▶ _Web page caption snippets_

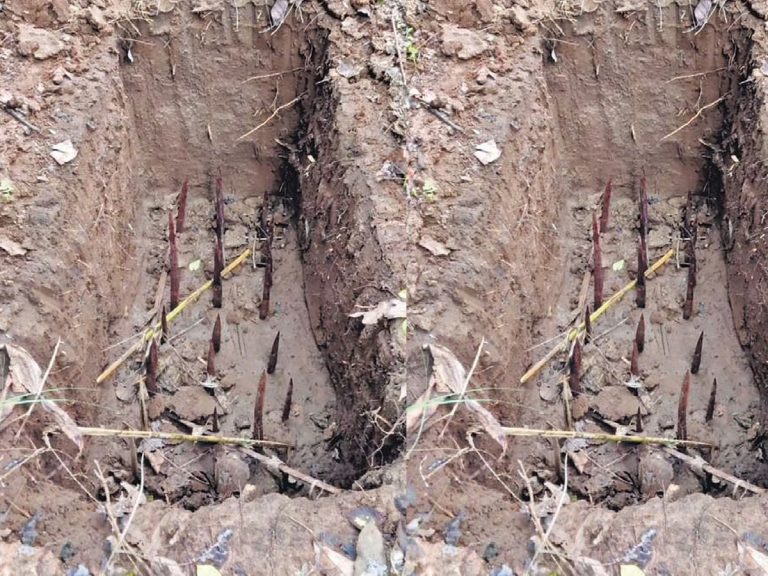 పోలీసులే లక్ష్యంగా మావోల బూబి ట్రాప్‌లు.. తృటిలో తప్పిన ప్రాణం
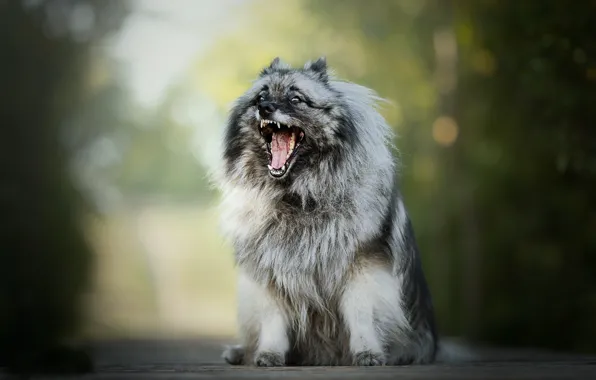 Picture dog, mouth, bokeh, fluffy, The Keeshond, Wolfspitz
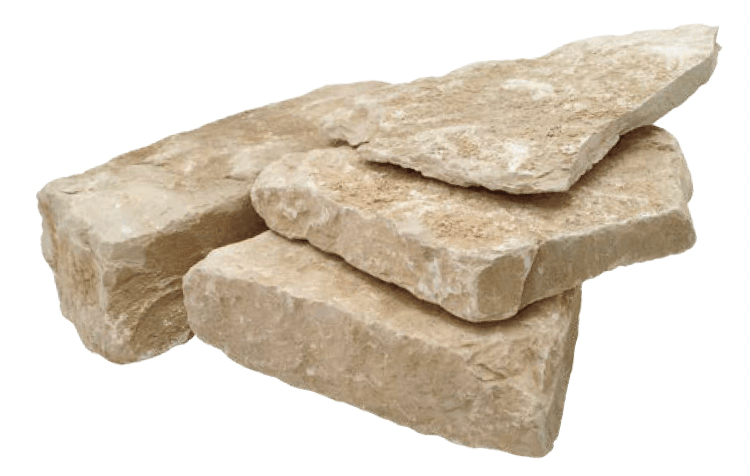 オンリーワンクラブの「ブルゴーニュ」のサブ画像4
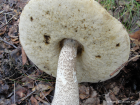 Leccinum versipelle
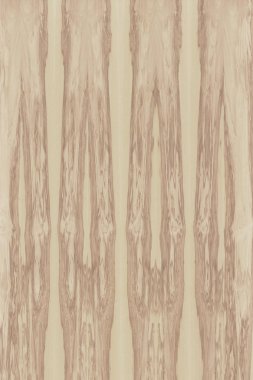 dişbudak ağaç ahşap yapı doku arka plan yüzey duvar kağıdı yüksek boyutu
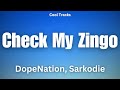 DopeNation x Sarkodie - Check My Zingo (Audio)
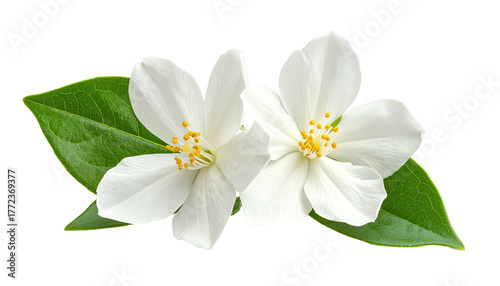 Two white flowers bloom with yellow centers and green leaves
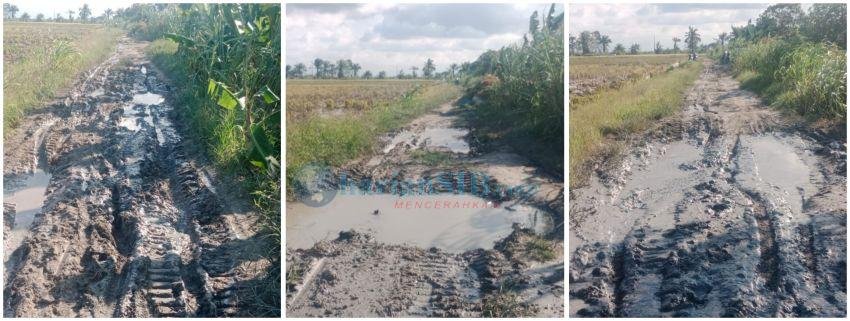 Petani Kesulitan Melintas, Jalan Usaha Tani di Tanjung Beringin Belum Diperbaiki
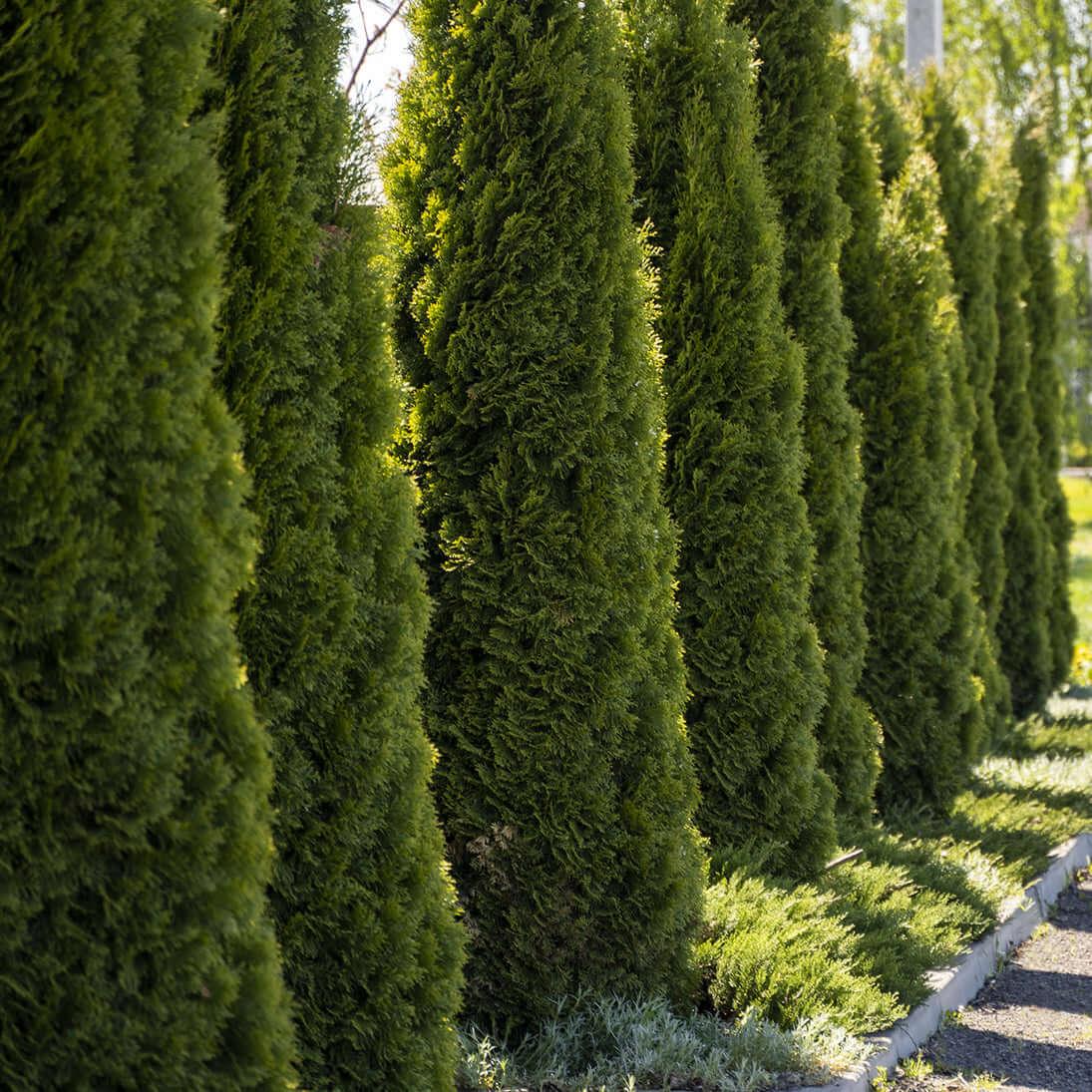 Thuja Occidentalis 'emerald Green' - View 8 from www redcrocus com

▶ _EXERCISE DESCRIPTION_
From the line containing "オンリーワンクラブの「ブルゴーニュ」のサブ画像4" through the final line of the records, write out each line exactly, and include no pictures.

▶ _ANSWER TO THIS TASK_
 オンリーワンクラブの「ブルゴーニュ」のサブ画像4
 Leccinum versipelle
 dişbudak ağaç ahşap yapı doku arka plan yüzey duvar kağıdı yüksek boyutu
 DopeNation x Sarkodie - Check My Zingo (Audio)
 Two white flowers bloom with yellow centers and green leaves
 Petani Kesulitan Melintas, Jalan Usaha Tani di Tanjung Beringin Belum Diperbaiki
 Thuja Occidentalis 'emerald Green' - View 8 from www redcrocus com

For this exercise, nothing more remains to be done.